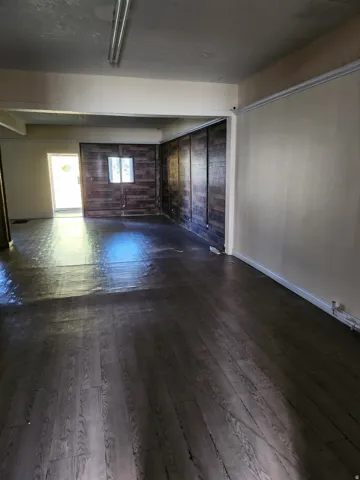Wood-finish flooring throughout, complemented by a prominent wood-paneled accent wall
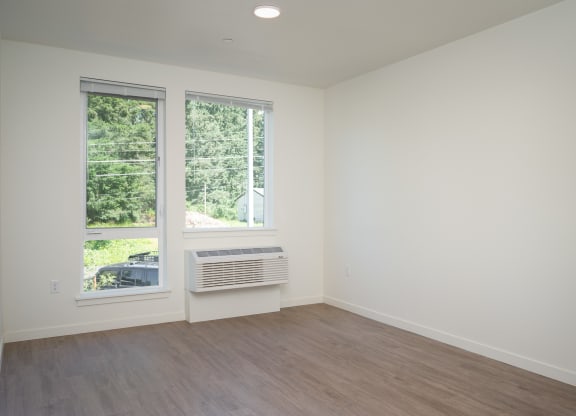 an empty room with white walls and a window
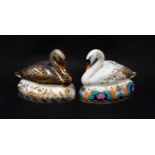 Royal Crown Derby Imari paperweights; Golden Jubilee Black Swan (certificate) and another Swan (gold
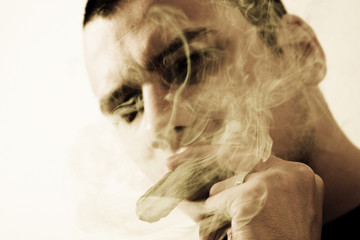 Man behind smoke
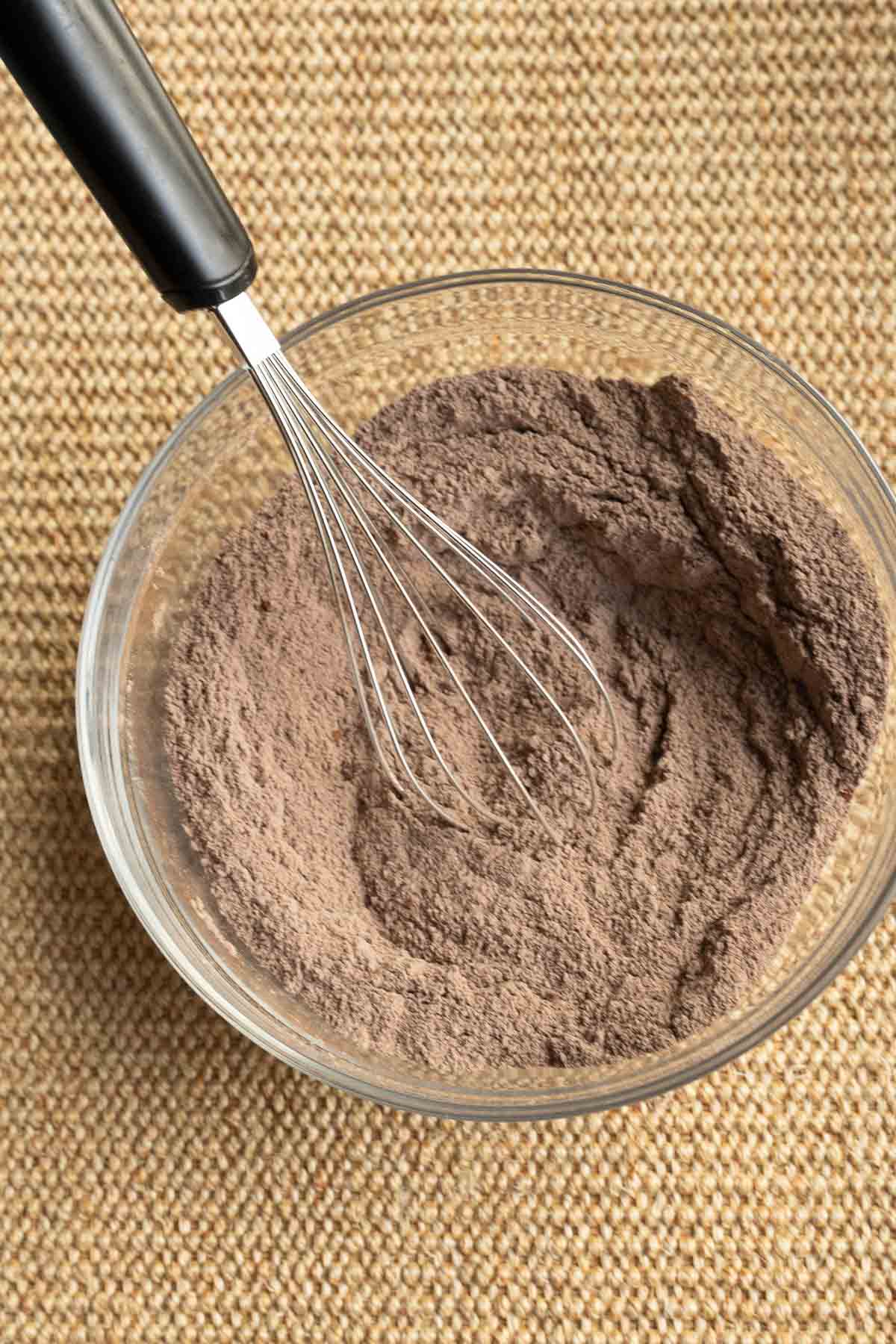 Flour, cocoa powder whisked in glass bowl.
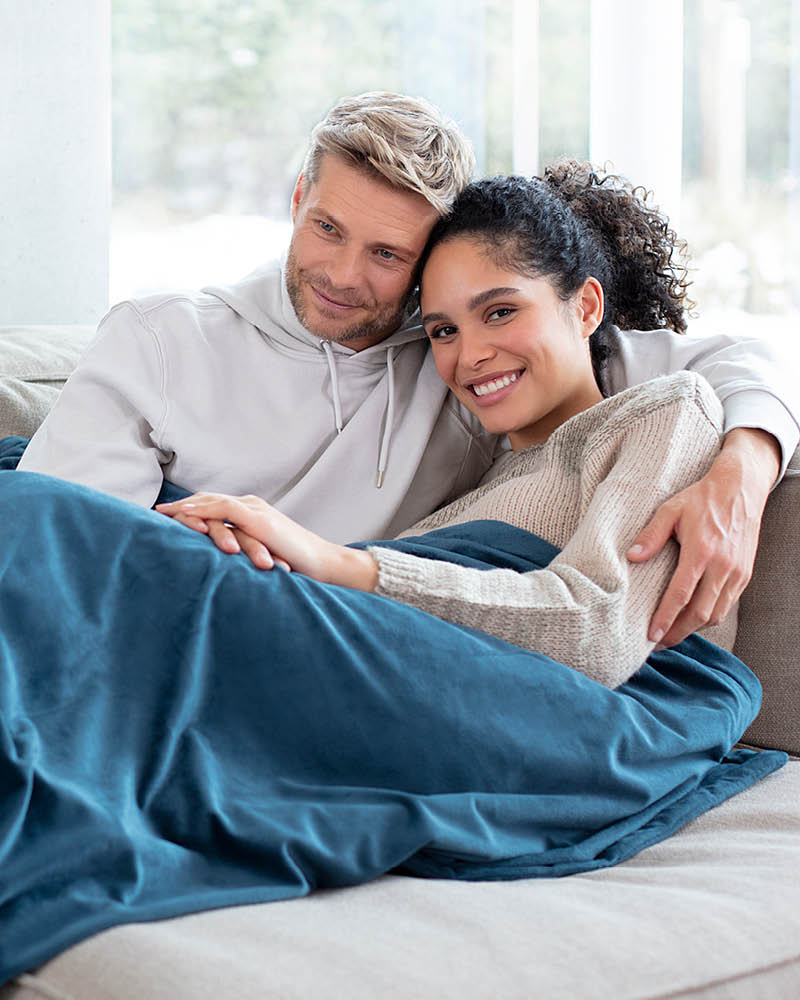 Beurer Couverture chauffante HD 75 cosy ocean - Image d'application Couple allongé sur le canapé sous la couverture chauffante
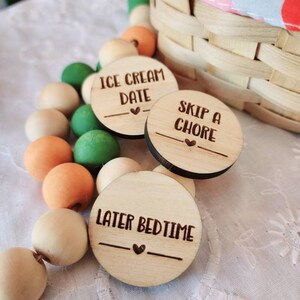May include: Three wooden circles with different phrases written on them. The phrases are "Ice Cream Date", "Skip a Chore", and "Later Bedtime".
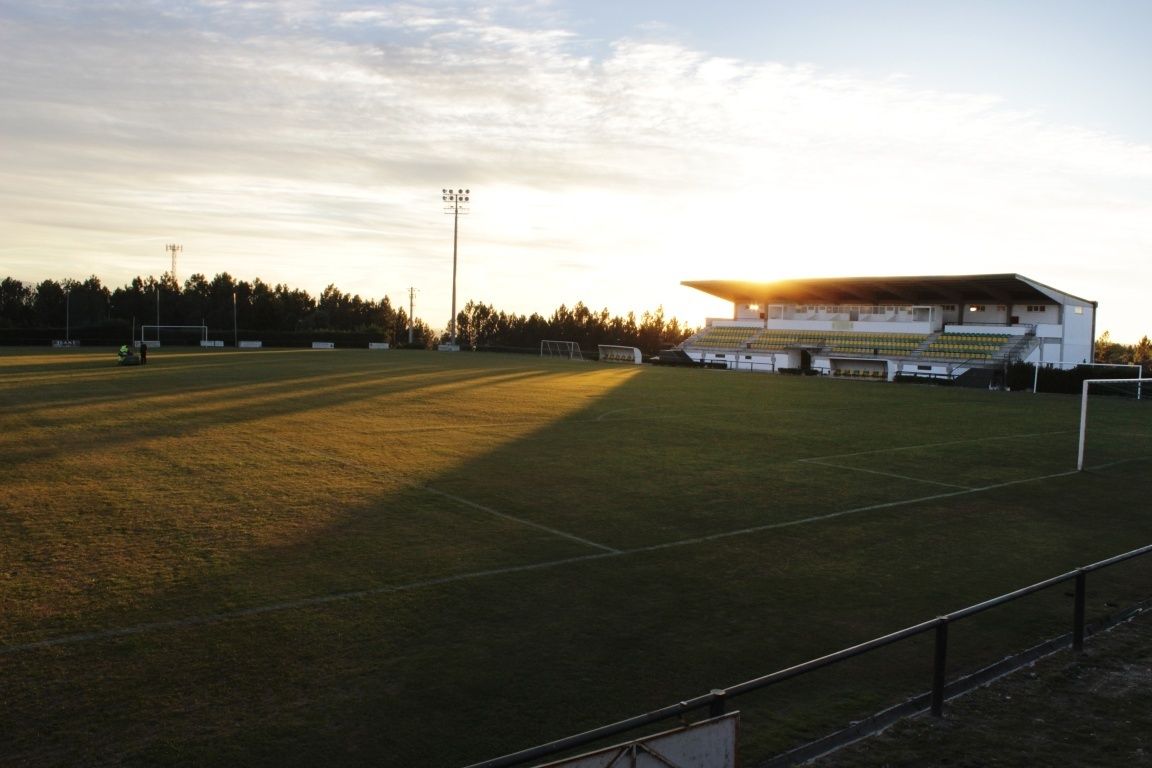 A sports field with goalposts, a floodlight pole, and a building with bleachers.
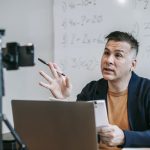 Photo Of Man Talking In Front Of Camera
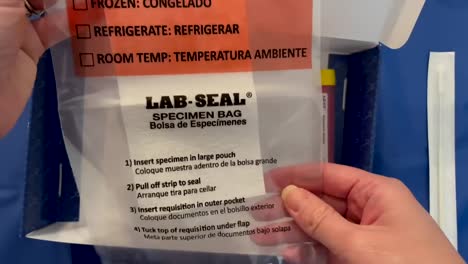 Hand-holding-a-LAB-SEAL-Specimen-Bag-for-COVID19-IN-HOME-TESTING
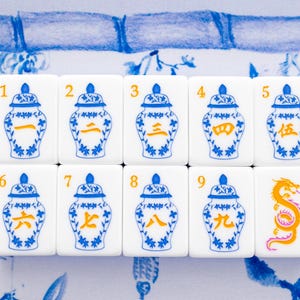 Puede incluir: Diez fichas de Mahjong blancas con dise&ntilde;os de jarrones florales azules y blancos y n&uacute;meros chinos naranjas. Una ficha presenta un drag&oacute;n naranja. Las fichas est&aacute;n dispuestas sobre una superficie con estampado floral azul y blanco.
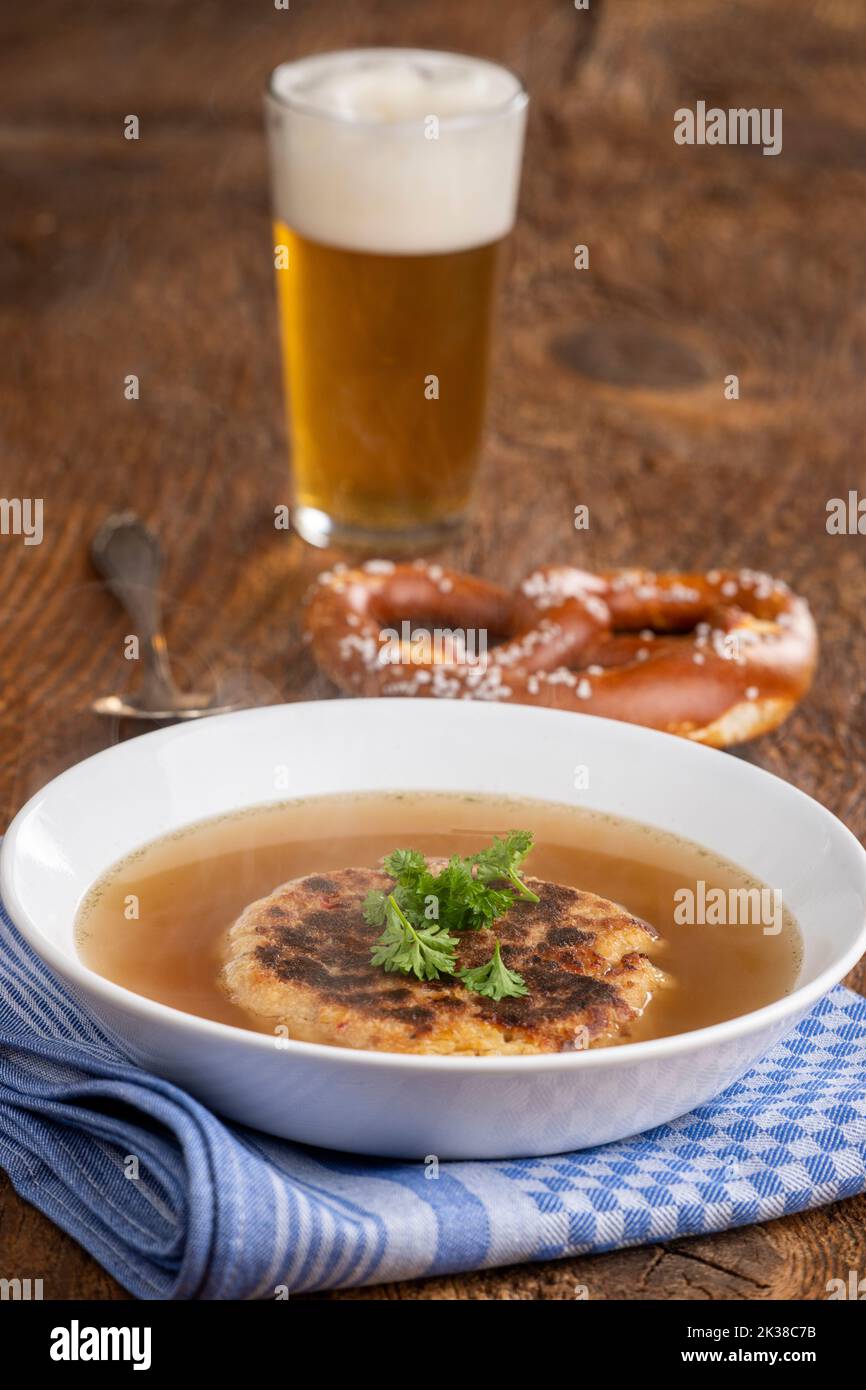 austrian cheese dumpling soup on wood Stock Photo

________________________

TASK STATEMENT. Pictures are not part of the copy. Extract exactly the lines from the line containing "Beurer Couverture chauffante" through the final line of the entries above, both included.

RESPONSE FOR THIS EXERCISE.
 Beurer Couverture chauffante HD 75 cosy ocean - Image d'application Couple allongé sur le canapé sous la couverture chauffante
May include: Three wooden circles with different phrases written on them. The phrases are "Ice Cream Date", "Skip a Chore", and "Later Bedtime".
 A sports field with goalposts, a floodlight pole, and a building with bleachers.
 Photo Of Man Talking In Front Of Camera
 Hand-holding-a-LAB-SEAL-Specimen-Bag-for-COVID19-IN-HOME-TESTING
 Puede incluir: Diez fichas de Mahjong blancas con dise&ntilde;os de jarrones florales azules y blancos y n&uacute;meros chinos naranjas. Una ficha presenta un drag&oacute;n naranja. Las fichas est&aacute;n dispuestas sobre una superficie con estampado floral azul y blanco.
 austrian cheese dumpling soup on wood Stock Photo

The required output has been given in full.